Top of Supplied records

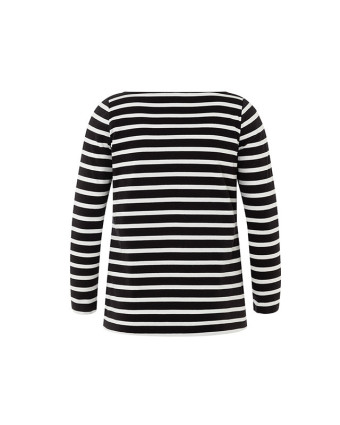 Patron Top Burda 5731 | Patrons de couture | Mercerine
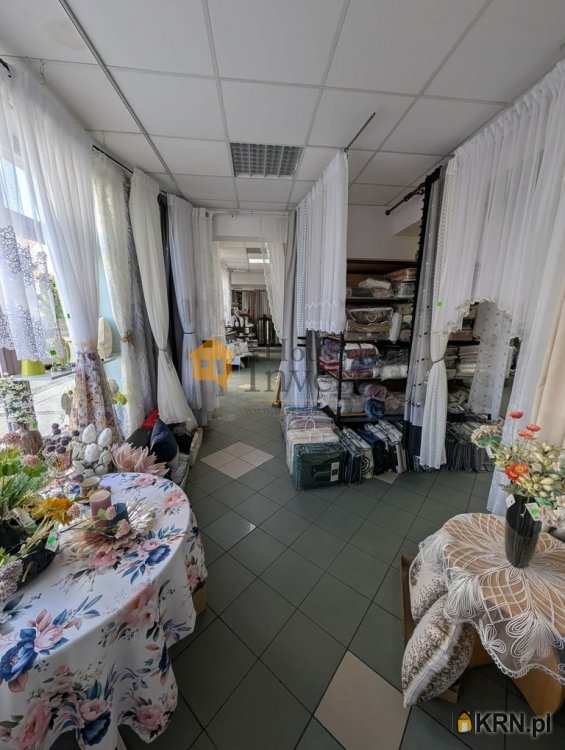 Lokal użytkowy  na sprzedaż, , Polkowice, ul. 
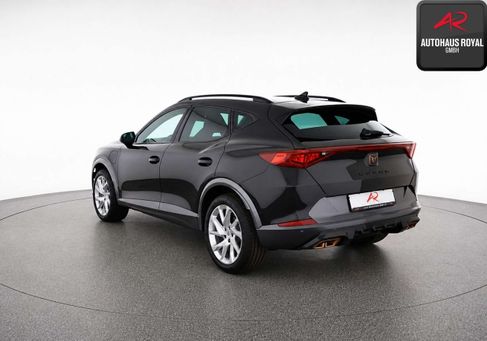 Cupra Formentor, 2024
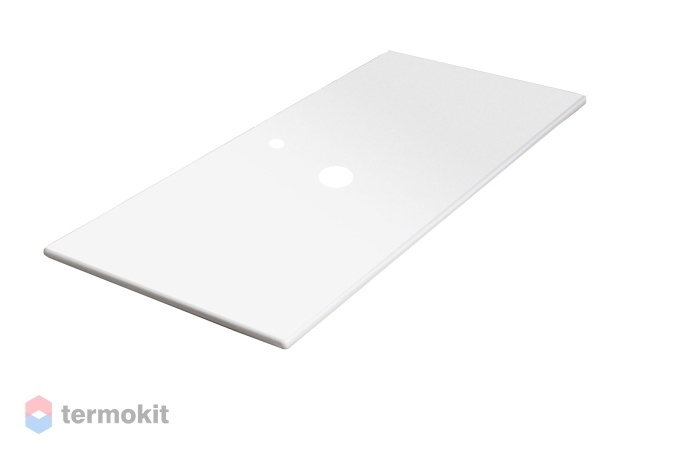 Столешница Armadi Art Vallessi 60 белый 840-060-W
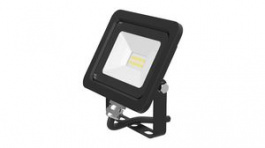 140452, LED Floodlight Slim 10W6500 K, Bailey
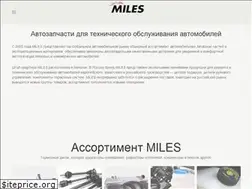 Sites similar to miles-auto.com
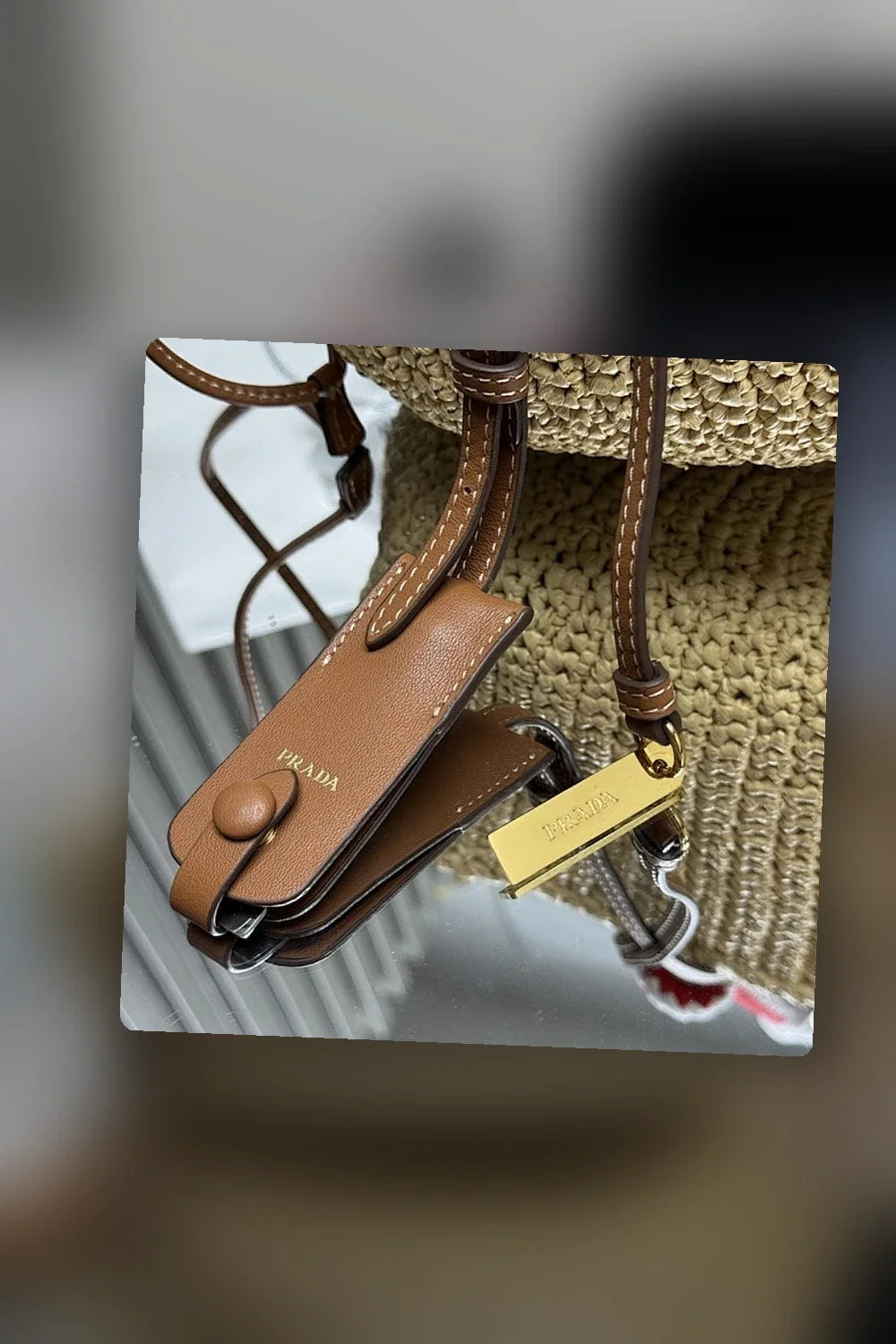Aurel Bags PD Bag 890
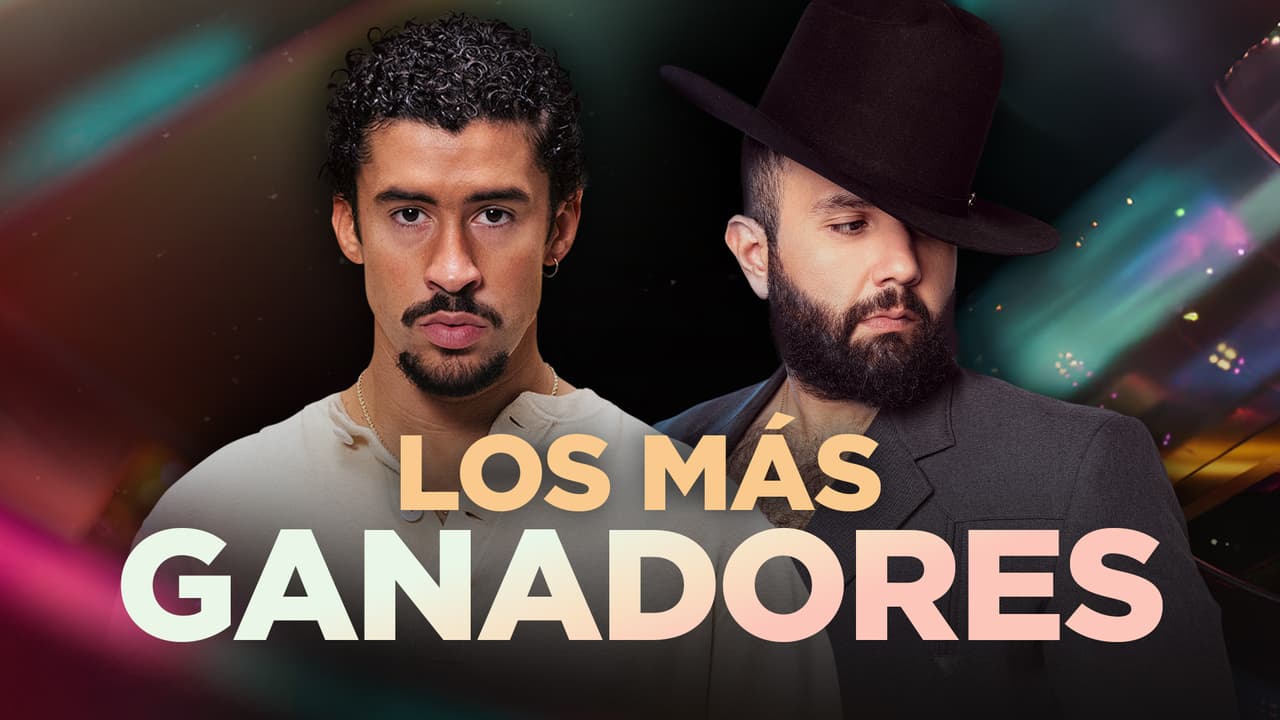 Premio Lo Nuestro 2026: Los artistas más ganadores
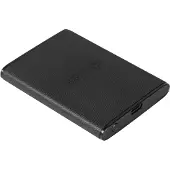 Transcend 500GB Portable SSD USB 3.1 Gen 2 Type C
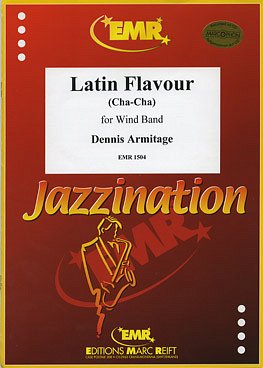 D. Armitage: Latin Flavour (Cha-Cha)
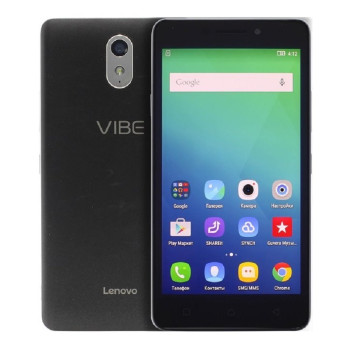 Replace touch screen Digitizer lcd for Lenovo VIBE P1m - P1MA40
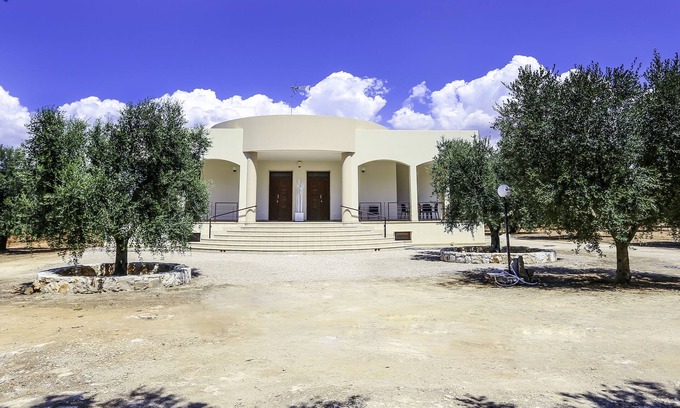 Nardo Casa | Nuevo y exclusivo apartamento La Cucchiara de Salento
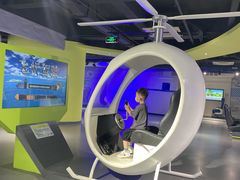 -苏州青少年科技馆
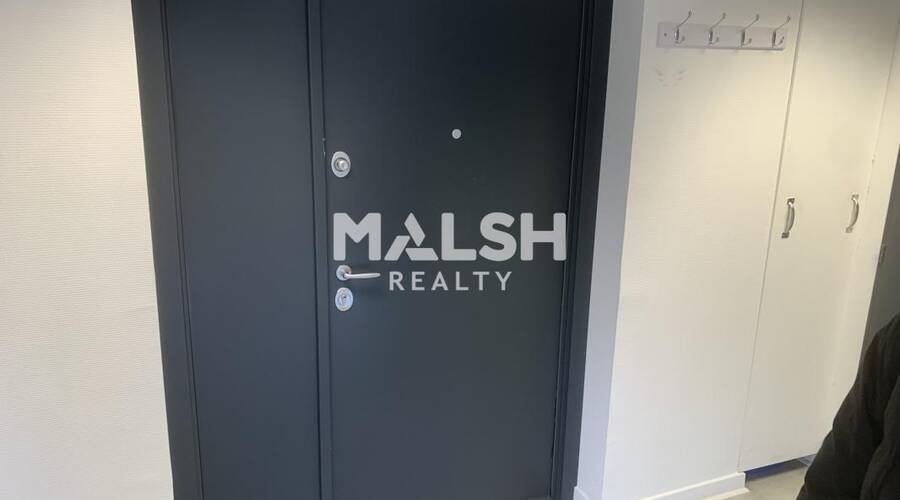 MALSH Realty & Property - Bureau - Lyon 9° / Vaise - Lyon 9 - 4
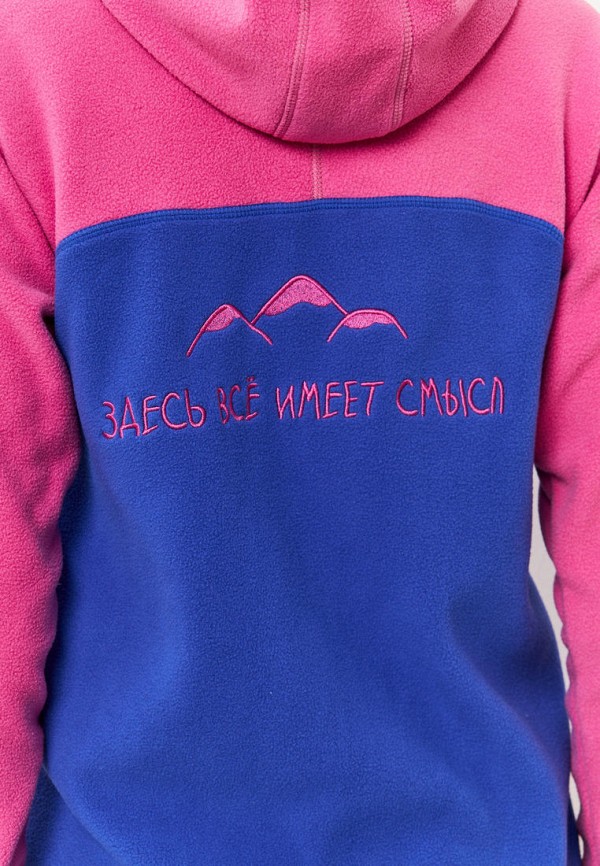 фото Толстовка береги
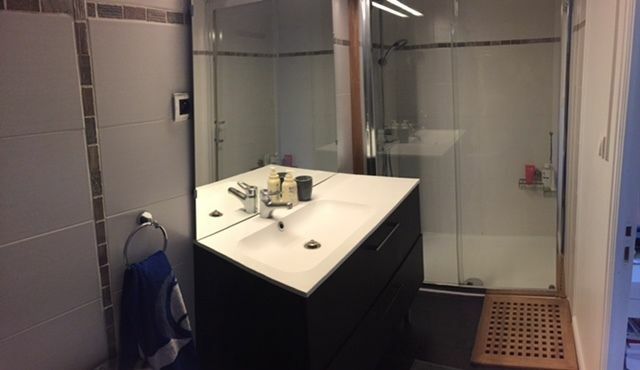 Zakwaterowanie U Rodziny L'Haÿ-les-Roses 216294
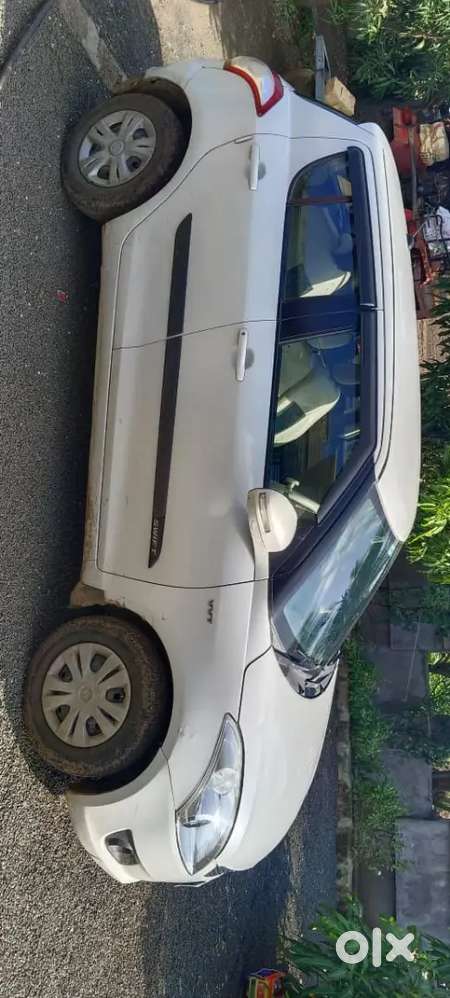 Swift Petrol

Bottom of Supplied records

- Work instruction: An exact copy of the lines from the one with "фото Толстовка береги" through the last line of the records, inclusive, is required, with all pictures left out.

- Exercise solution:
 фото Толстовка береги
 Zakwaterowanie U Rodziny L'Haÿ-les-Roses 216294
 Swift Petrol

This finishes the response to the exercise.